Purpose : Over 150 rhodopsin mutations have been associated with autosomal dominant retinitis pigmentosa (adRP); however, the relationship between many of these mutations and their cell death mechanism is unknown. Patient data has separated rhodopsin mutations into two categories: class “A” mutations such as E181K and G89D exhibit a uniform and severe RP phenotype, while class “B” mutations such as D190G and P23H exhibit a less severe phenotype with later onset of RP. While these mutations have been identified in patients, the consequences of mutated rhodopsin in rod photoreceptor cells are unclear. We investigated adRP-associated rhodopsin missense mutations and their effects on rhodopsin localization in rod photoreceptor cells as well as retinal degeneration (RD).

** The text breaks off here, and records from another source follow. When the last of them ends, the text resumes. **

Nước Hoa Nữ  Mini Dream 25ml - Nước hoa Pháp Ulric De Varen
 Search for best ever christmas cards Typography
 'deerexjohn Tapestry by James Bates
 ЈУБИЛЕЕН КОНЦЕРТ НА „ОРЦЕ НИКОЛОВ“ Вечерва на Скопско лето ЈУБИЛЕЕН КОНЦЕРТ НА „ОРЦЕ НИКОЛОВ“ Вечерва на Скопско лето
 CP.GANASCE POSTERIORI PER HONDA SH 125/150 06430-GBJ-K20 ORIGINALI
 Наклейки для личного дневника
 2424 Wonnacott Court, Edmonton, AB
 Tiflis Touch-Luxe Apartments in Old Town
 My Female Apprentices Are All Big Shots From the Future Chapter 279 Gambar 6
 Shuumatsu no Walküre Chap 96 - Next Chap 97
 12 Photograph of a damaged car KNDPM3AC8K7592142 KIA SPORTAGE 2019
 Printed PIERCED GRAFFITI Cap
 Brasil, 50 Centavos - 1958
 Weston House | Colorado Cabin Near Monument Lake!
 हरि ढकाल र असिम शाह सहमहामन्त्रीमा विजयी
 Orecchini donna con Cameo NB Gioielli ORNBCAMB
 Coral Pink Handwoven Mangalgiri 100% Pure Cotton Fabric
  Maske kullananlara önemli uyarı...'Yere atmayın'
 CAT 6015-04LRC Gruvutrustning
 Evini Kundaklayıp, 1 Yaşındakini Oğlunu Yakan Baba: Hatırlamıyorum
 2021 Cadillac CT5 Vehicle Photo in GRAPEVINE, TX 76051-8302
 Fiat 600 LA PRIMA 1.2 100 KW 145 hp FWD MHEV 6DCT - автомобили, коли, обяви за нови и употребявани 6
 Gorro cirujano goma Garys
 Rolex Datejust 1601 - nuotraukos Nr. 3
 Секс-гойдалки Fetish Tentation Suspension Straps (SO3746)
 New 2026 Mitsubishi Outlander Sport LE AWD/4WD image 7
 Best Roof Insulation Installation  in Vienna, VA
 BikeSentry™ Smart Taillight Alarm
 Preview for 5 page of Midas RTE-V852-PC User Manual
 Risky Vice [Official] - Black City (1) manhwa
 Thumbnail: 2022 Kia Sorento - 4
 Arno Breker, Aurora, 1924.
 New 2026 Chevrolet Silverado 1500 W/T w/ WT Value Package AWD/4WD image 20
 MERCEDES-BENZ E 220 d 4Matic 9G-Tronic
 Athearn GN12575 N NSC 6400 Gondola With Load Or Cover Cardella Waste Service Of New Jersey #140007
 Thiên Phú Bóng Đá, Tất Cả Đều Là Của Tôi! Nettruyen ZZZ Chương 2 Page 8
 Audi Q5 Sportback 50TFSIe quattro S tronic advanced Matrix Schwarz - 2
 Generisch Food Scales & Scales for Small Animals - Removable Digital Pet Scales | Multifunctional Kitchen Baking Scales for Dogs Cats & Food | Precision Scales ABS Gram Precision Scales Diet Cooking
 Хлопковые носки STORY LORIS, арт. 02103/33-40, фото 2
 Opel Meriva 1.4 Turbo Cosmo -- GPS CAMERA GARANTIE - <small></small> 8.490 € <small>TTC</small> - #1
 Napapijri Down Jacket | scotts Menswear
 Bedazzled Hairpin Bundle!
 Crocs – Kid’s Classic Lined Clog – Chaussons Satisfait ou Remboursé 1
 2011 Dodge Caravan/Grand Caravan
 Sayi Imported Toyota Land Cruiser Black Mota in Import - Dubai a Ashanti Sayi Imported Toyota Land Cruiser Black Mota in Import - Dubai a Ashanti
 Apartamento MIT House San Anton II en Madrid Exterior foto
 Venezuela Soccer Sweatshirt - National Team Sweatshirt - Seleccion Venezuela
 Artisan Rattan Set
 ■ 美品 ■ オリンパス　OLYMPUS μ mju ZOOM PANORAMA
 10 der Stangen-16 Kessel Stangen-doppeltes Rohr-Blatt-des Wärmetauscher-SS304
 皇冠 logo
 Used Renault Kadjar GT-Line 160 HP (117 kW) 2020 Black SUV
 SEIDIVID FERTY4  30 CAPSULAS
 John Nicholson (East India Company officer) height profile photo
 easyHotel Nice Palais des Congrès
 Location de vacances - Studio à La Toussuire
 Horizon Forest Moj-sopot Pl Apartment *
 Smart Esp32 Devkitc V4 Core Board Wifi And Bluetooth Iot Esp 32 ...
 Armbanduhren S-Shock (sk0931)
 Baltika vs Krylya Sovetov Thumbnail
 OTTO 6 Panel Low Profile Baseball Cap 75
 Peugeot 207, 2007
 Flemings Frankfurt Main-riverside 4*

Methods : We microinjected human rhodopsin transgenes into wild-type Xenopus laevis eggs. The human rhodopsin was either wild-type or contained base-pair changes resulting in missense mutations previously associated with adRP. Tadpoles were raised in cyclic light for 14 days. The eyes were enucleated for either fixation or solubilisation. Fixed eyes were cryosectioned and labeled for mammalian rhodopsin and imaged using a confocal microscope. Solubilised eyes were used in a dot blot analysis that probed for either mammalian or total rhodopsin.

Results : We have created several novel transgenic X. laevis models of adRP based on rhodopsin mutations, including E181K and D190G. Mutations showed differential localization of rhodopsin within the photoreceptors, accumulating in the rod outer segment and/or the rod inner segment to varying extents. As well, varying levels of RD were noted between the mutations analysed ranging from severe RD to no RD present.

Conclusions : Variability of rhodopsin localization suggests that mutations play different roles in adRP pathogenesis through the activation of different cell death pathways. Mutations displaying predominantly inner segment retention of rhodopsin may be undergoing ER stress, which leads to cell death. Outer segment localization of rhodopsin may point to a photoactivation-dependant pathogenic pathway. Some rhodopsin mutations were previously considered to be pathogenic but, lacking sufficient pedigree data, may not be pathogenic. Our transgenic X. laevis models may provide a useful means of identifying disease mechanisms associated with large numbers of rhodopsin mutations.

This abstract was presented at the 2019 ARVO Annual Meeting, held in Vancouver, Canada, April 28 - May 2, 2019.